Le processus d’héroïsation se fait dans la jihadosphère

Le tueur de Nice avait un visage, fallait-il le montrer ? A 31 ans, Mohamed Lahouaiej Bouhlel avait une vie derrière lui, fallait-il la raconter ? Dans le dispositif d’héroïsation médiatique de l’Etat islamique, évoquer l’auteur d’un attentat serait faire son jeu, estiment certains. Mais garder pour soi une image n’aurait-il pas l’effet inverse ? Une héroïsation sous le manteau n’est-elle pas plus attirante encore ?

Spécialiste du jihadisme, le journaliste David Thomson (*) juge que les terroristes n’ont plus besoin des diffuseurs classiques, ils ont leurs propres moyens via Internet.
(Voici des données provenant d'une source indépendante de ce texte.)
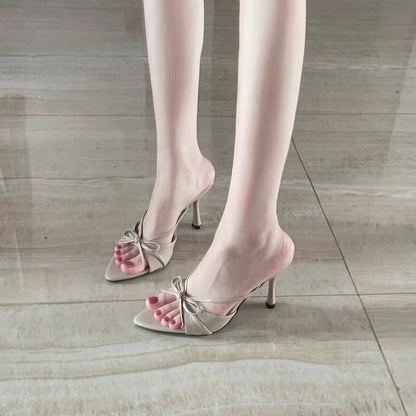 Sandales Satin Nœud Bout Ouvert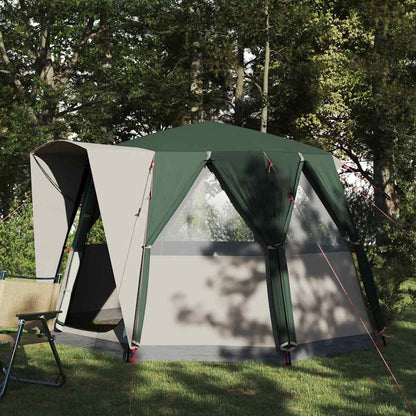 Cabin Tent 3-Person Green and White 320 x 320 x 203 cm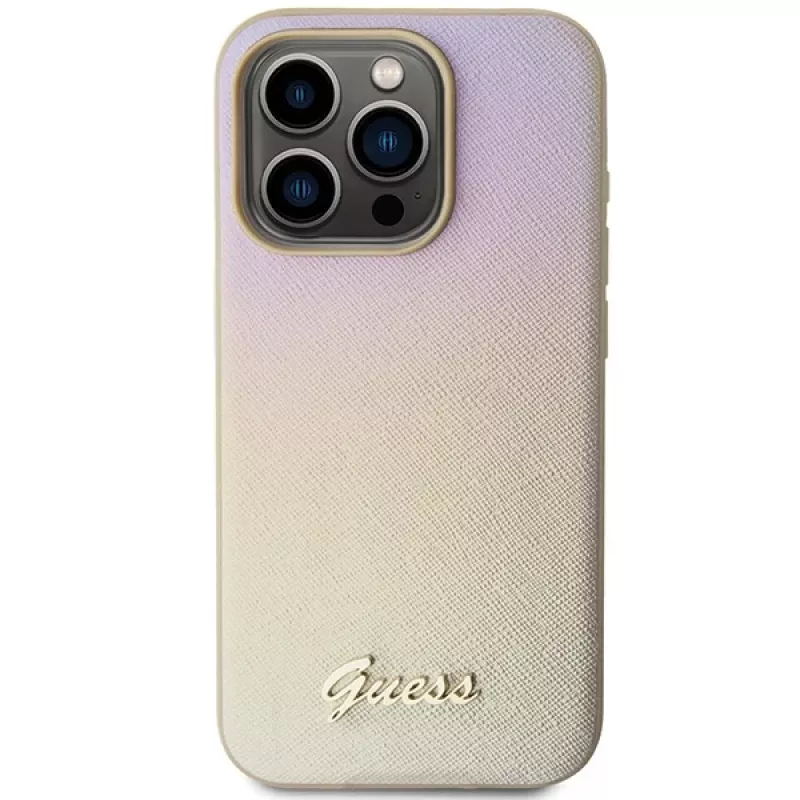 Guess GUHCP14XPSAIRSD Saffiano Iridescent Script Hard Case Apple iPhone 14 Pro Max 6,7 inch - Zelts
Publier nom et photo ne changerait rien à l’horreur des attaques.

«Il est normal de s’interroger sur la couverture médiatique des attentats vu leur récurrence. Mais le jihadisme, dans sa forme actuelle, et le terrorisme préexistent largement aux événements que traverse la France depuis 2015. Dès l’été 2012, j’ai travaillé sur les départs de premiers jihadistes français qui passaient par la Tunisie ; à l’époque, le sujet était inexistant dans les médias. Il a commencé à émerger début 2014. Mais plus largement, les jihadistes n’ont pas besoin des médias de masse pour exister. Ils ont leurs propres agences de presse, leurs propres organes de production et de diffusion via Internet. Nous ne sommes plus à l’époque où Al-Qaeda devait envoyer une cassette VHS de Ben Laden à la chaîne de télévision Al-Jezira. Aujourd’hui, les médias classiques n’ont plus la main, les cercles jihadistes fonctionnent en parallèle.
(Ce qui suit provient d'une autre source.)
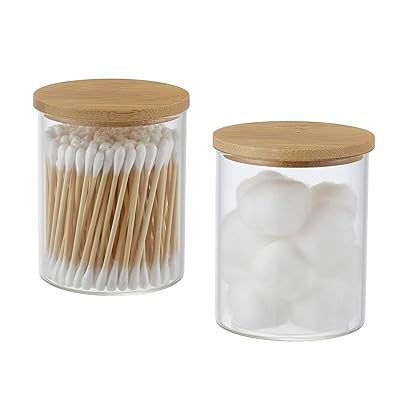 Buy Yinine Glass Apothecary Jars Qtip Holder Dispenser Glass Bathroom Vanity Jar Containers Organizer With Bamboo Lid For Cotton Ball Swab Pad Rounds Q Tip Bath Salts 2 Pack Online In Turkey B08p63ghds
Le processus d’héroïsation se fait lui aussi au sein de la jihadosphère. Elle compte déjà de nombreux héros que le grand public ne connaît pas. Certes, les médias de masse amplifient ce phénomène, mais l’essentiel ne se joue pas là. Ils sont d’abord des héros - positifs - aux yeux des leurs ; à l’extérieur, l’héroïsation se fait de façon négative.

«Le fait de diffuser nom et portrait des terroristes n’a aucune incidence sur le rythme des attentats. Au contraire, ne pas publier ces données développerait les théories du complot déjà nombreuses alors que les informations circulent. Il y a un besoin légitime de transparence et d’information de la part du grand public. Il est aussi un peu paradoxal de voir des universitaires demander la non-diffusion de photos alors que la plupart d’entre eux utilisent les biographies publiées par les médias pour comprendre le phénomène jihadiste, et plus précisément le passage à l’acte.
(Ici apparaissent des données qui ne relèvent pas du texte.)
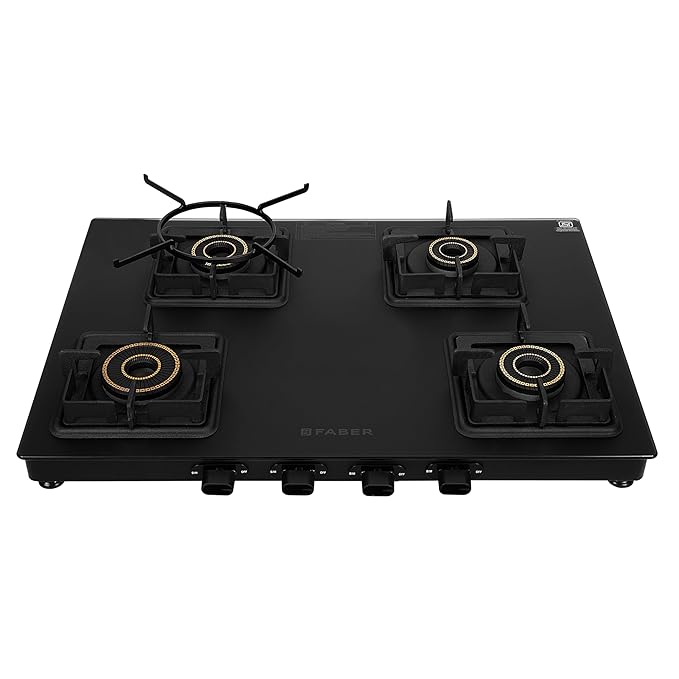 Faber Blossom Black Matt Glass Finish Cooktop| 4 Brass Burners-1Jumbo, 2Medium & 1Small |Manual Ignition | Heavy Pan Support With ABS Knobs | 5Yr Warranty on Glass & Burners by Faber| Blossom4BB BK CI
«Je pense qu’il vaut mieux regarder la menace en face et ne pas être dans le déni. En revanche, il y a des photos qui font le bonheur des jihadistes : ce sont celles qui montrent la faiblesse du pouvoir politique des pays occidentaux. L’image de deux policiers s’enlaçant en pleurs après le 13 Novembre a fait la une de Dar al-Islam, le journal de l’Etat islamique.»

Cécile Daumas, journaliste.


(*) David Thomson est l’auteur des Français jihadistes, éditions les Arènes 2014.